Araştırmacılar, betonu yüzde 560 oranında, yani 5.6 kat daha güçlü hale getirmenin son derece basit bir yolunu buldu: İçini boşaltmak!

Bilim insanları, radyasyon betonundan 5,6 kat daha güçlü olan içi boş bir beton çeşidi üretmeyi başardı. Yeni ürün, kırılmalara ve çatlaklara karşı daha dayanıklı olmasını sağlayan petek benzeri bir tasarıma sahip; insan uyluk kemiğini (femur) temel alıyor.

Betonun bu dayanıklılığı, aslında içinde bulunan içi boş şekillerden kaynaklanıyor. Malzemenin içindeki boşluklar sayesinde, oluşan çatlaklar ve kırıklar beton bloğun tamamını geçmiyor ve yalnızca ilk boşluğa ulaşana kadar çatlayarak beton bloğunun görevini yapmaya devam etmesini sağlıyor.

Bu tasarım uyluk kemiğinin kortikal kemik olarak adlandırılan dış katmanını temel alıyor. Bu katman, bilim insanlarının “çimento hatları” adını verdiği, çeşitli ara yüzeylerle çevrili, birden fazla tüp benzeri parçadan oluşuyor. Bu içi boş alanlar, kemiğe aşırı stres uygulandığında kemiğin çatlaklar için tercih edilen bir yol oluşturmasını sağlıyor.

Bir malzemenin içini boşaltarak daha güçlü hale getirmek en başta garip gelse de, aslında buna benzeyen sistemler özellikle çelik yapı malzemeleri gibi diğer bina parçalarında da kullanılıyor. Hatta, H ve U gibi şekiller çelik yapı elemanlarının çoğunda kullanılıyor ve bu boşluklar, mukavemet kuralları sayesinde aynı miktarda çelik kullanılmasına rağmen çok daha sağlam bileşenler elde edilmesini sağlıyor.
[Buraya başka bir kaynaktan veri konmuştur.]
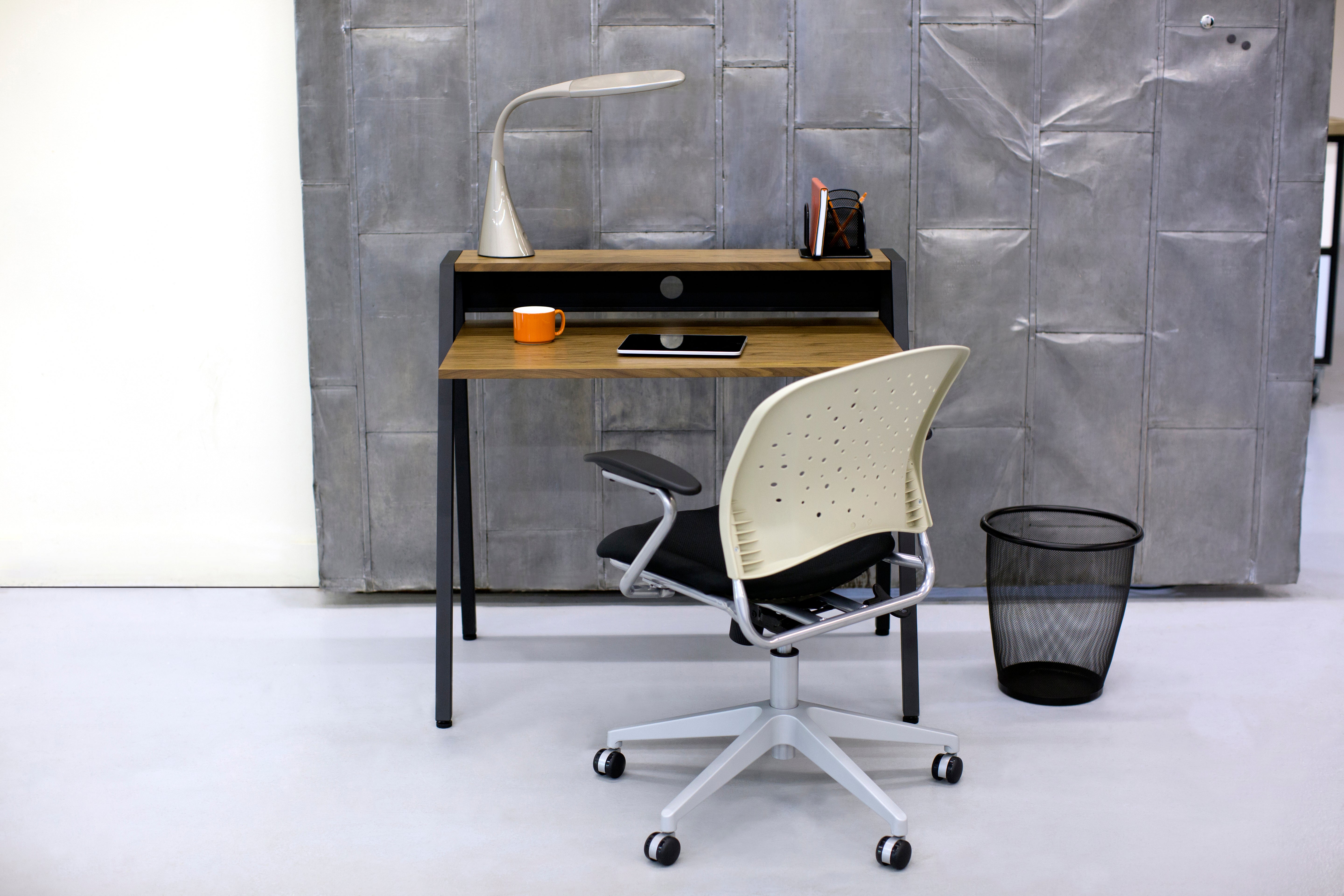 Onyx Receptacle Round Med 3E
Elbette bu en son betonla beraber araştırmacılar geleneksel sistemlerden bir adım daha ileri giderek çok daha etkili bir sistem geliştirmiş gibi görünüyor. Ayrıca, araştırmacıların ürettikleri bu son türev lifler veya plastikler gibi katkı maddeleri gerektirmiyor ve sadece geometrik boşluklar sayesinde çok daha sağlam ve dayanıklı bir ürün ortaya koyuyor.
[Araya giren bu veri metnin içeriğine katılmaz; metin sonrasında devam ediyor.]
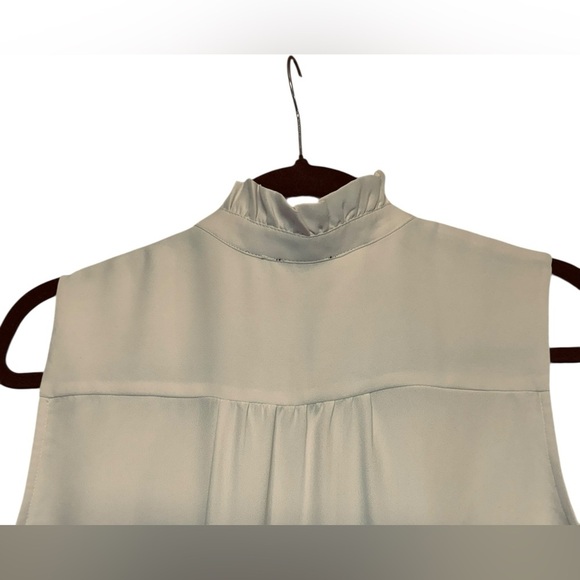 Ann Taylor Sleeveless Mandarin Collar Blouse - Picture 4 of 6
Araştırmacılar, bu yeni içi boş betonla mümkün olabilecek şeyleri “daha yeni keşfetmeye başladıklarını” söylüyorlar. Betonun ne kadar güçlü olduğunu görmek için tüplerin yönünü, boyutunu ve hatta şeklini değiştirerek esnekliği artırmanın yolları olabileceğini belirtiyorlar.